Australasian Science: Australia's authority on science since 1938

Scientists Unknowingly Tweak Experiments

Scientists are unknowingly tweaking experiments and analysis methods to increase their chances of getting results that are easily published, according to research in PLOS Biology.

The study investigated a type of publication bias called p-hacking, which happens when researchers either consciously or unconsciously analyse their data multiple times or in multiple ways until they get a desired result.

“We found evidence that p-hacking is happening throughout the life sciences,” said lead author Dr Megan Head from the Australian National University. If p-hacking is common, the exaggerated results could lead to misleading conclusions, even when evidence comes from multiple studies.

Head’s study used text mining to extract p-values – a statistical value that indicates the likelihood that a result occurs by chance – from more than 100,000 research papers published across many scientific disciplines, including medicine, biology and psychology.

“Many researchers are not aware that certain methods could make some results seem more important than they are,” Head said. “They are just genuinely excited about finding something new and interesting.

“I think that pressure to publish is one factor driving this bias. As scientists we are judged by how many publications we have and the quality of the scientific journals they go in.

“Journals, especially the top journals, are more likely to publish experiments with new, interesting results, creating incentive to produce results on demand.”

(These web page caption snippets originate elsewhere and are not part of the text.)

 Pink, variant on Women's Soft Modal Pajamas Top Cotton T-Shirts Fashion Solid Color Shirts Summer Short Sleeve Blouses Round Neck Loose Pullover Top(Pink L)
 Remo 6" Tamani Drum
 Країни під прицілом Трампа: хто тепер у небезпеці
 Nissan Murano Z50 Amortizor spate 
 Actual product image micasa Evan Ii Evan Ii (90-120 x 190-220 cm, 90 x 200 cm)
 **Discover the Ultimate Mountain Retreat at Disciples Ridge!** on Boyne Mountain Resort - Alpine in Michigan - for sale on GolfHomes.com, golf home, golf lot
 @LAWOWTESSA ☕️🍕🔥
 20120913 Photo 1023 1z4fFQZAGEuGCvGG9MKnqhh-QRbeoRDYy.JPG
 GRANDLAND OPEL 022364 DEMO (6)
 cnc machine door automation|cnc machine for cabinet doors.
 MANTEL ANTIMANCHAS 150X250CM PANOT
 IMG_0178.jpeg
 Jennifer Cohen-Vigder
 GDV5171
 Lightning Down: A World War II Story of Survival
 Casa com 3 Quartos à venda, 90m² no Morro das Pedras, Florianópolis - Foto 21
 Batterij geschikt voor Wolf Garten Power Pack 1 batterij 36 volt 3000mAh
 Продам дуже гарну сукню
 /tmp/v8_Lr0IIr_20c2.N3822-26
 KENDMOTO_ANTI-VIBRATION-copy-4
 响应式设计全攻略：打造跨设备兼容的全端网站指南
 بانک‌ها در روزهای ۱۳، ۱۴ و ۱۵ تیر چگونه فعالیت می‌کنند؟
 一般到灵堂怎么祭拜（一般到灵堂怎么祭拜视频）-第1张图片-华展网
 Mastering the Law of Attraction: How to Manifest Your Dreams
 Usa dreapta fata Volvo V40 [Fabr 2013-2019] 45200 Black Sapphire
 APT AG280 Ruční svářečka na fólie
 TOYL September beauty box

Head’s study found that a high number of p-values were only just over the traditional threshold considered statistically significant. “This suggests that some scientists adjust their experimental design, datasets or statistical methods until they get a result that crosses the significance threshold,” she said. “They might look at their results before an experiment is finished, or explore their data with lots of different statistical methods, without realising that this can lead to bias.”

P-hacking could bias scientific conclusions, even in reviews that combine the results from many studies. For example, if enough results in a review have been p-hacked, a drug could look more effective than it is.

“We looked at the likelihood of this bias occurring in our own specialty, evolutionary biology, and although p-hacking was happening it wasn’t common enough to drastically alter general conclusions that could be made from the research,” Head said.